• **Task details**
Omit every picture, then return each line of the data below exactly.

• **Records supplied**
────────────────────────────────────────

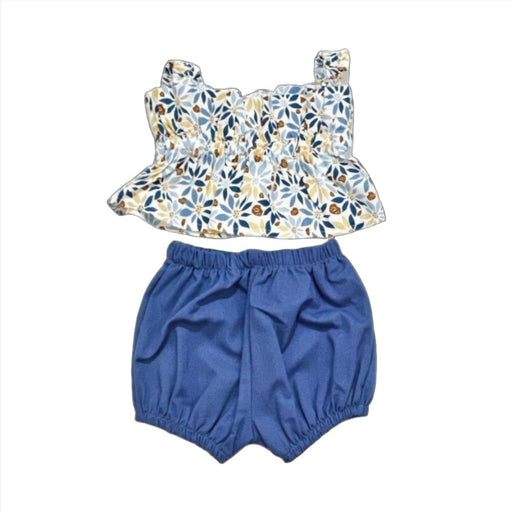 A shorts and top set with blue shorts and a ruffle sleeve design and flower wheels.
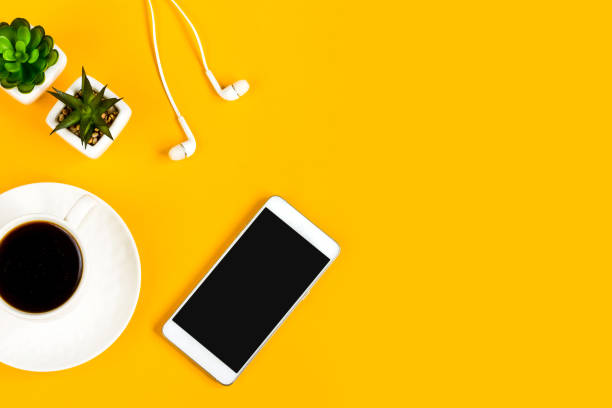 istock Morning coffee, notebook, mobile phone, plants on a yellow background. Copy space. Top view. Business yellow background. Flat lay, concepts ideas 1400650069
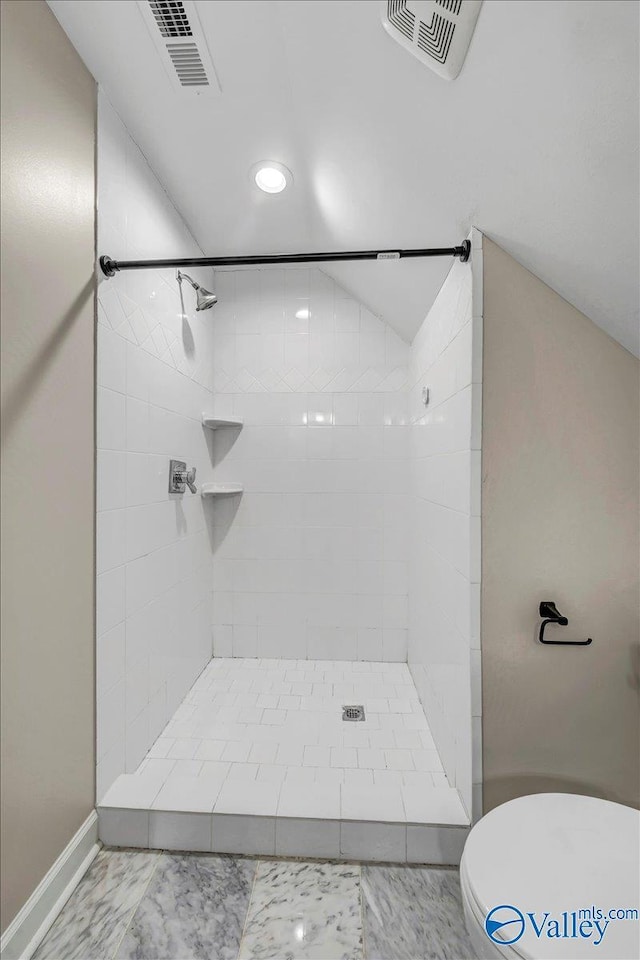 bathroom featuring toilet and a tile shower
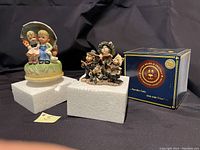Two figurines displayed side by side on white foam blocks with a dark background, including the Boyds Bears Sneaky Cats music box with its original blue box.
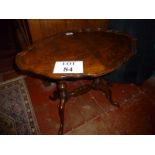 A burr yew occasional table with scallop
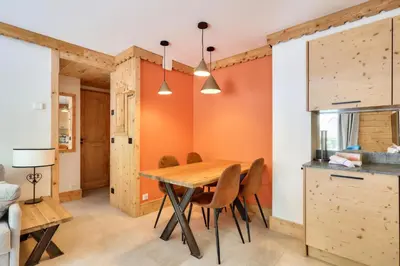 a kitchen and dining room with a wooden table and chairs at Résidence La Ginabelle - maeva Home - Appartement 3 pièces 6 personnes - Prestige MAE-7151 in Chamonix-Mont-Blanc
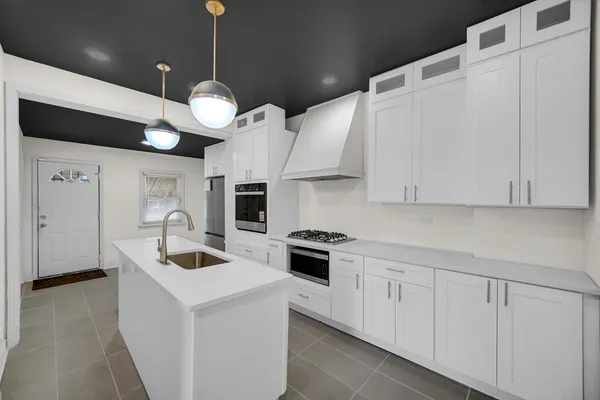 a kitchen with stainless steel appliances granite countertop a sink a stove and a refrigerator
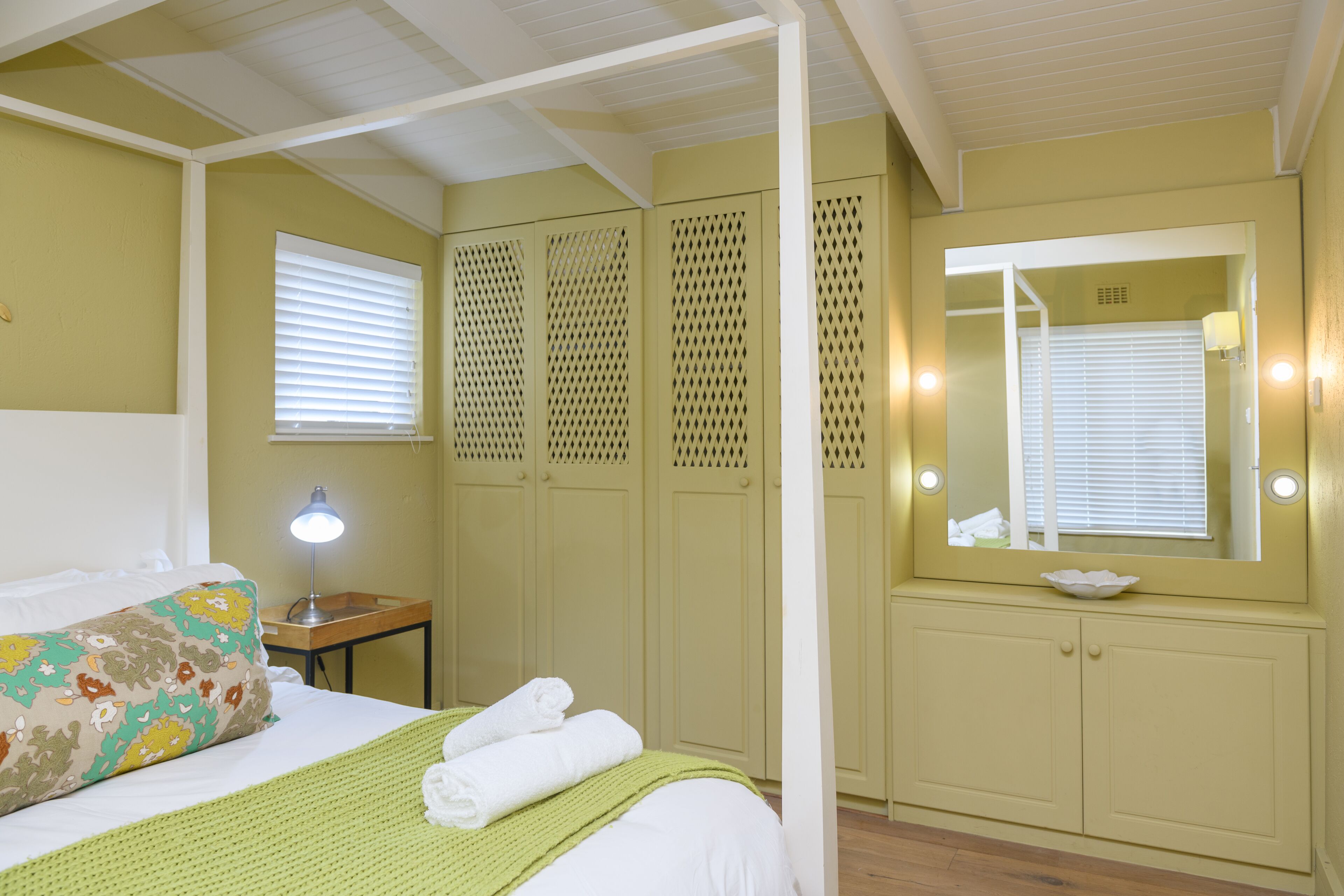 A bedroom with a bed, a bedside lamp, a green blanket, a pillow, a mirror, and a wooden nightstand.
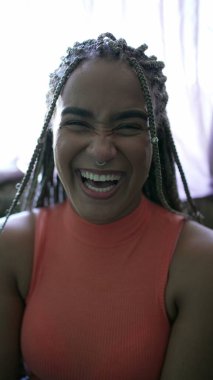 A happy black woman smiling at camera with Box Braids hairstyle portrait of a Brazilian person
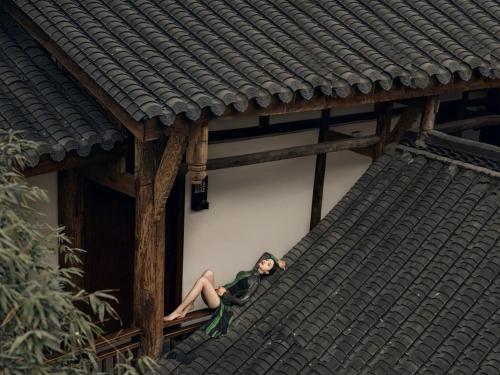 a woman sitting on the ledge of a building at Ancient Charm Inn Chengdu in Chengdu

────────────────────────────────────────

• **Response to the exercise**
 A shorts and top set with blue shorts and a ruffle sleeve design and flower wheels.
 istock Morning coffee, notebook, mobile phone, plants on a yellow background. Copy space. Top view. Business yellow background. Flat lay, concepts ideas 1400650069
 bathroom featuring toilet and a tile shower
Two figurines displayed side by side on white foam blocks with a dark background, including the Boyds Bears Sneaky Cats music box with its original blue box.
 A burr yew occasional table with scallop
 a kitchen and dining room with a wooden table and chairs at Résidence La Ginabelle - maeva Home - Appartement 3 pièces 6 personnes - Prestige MAE-7151 in Chamonix-Mont-Blanc
 a kitchen with stainless steel appliances granite countertop a sink a stove and a refrigerator
 A bedroom with a bed, a bedside lamp, a green blanket, a pillow, a mirror, and a wooden nightstand.
 A happy black woman smiling at camera with Box Braids hairstyle portrait of a Brazilian person
 a woman sitting on the ledge of a building at Ancient Charm Inn Chengdu in Chengdu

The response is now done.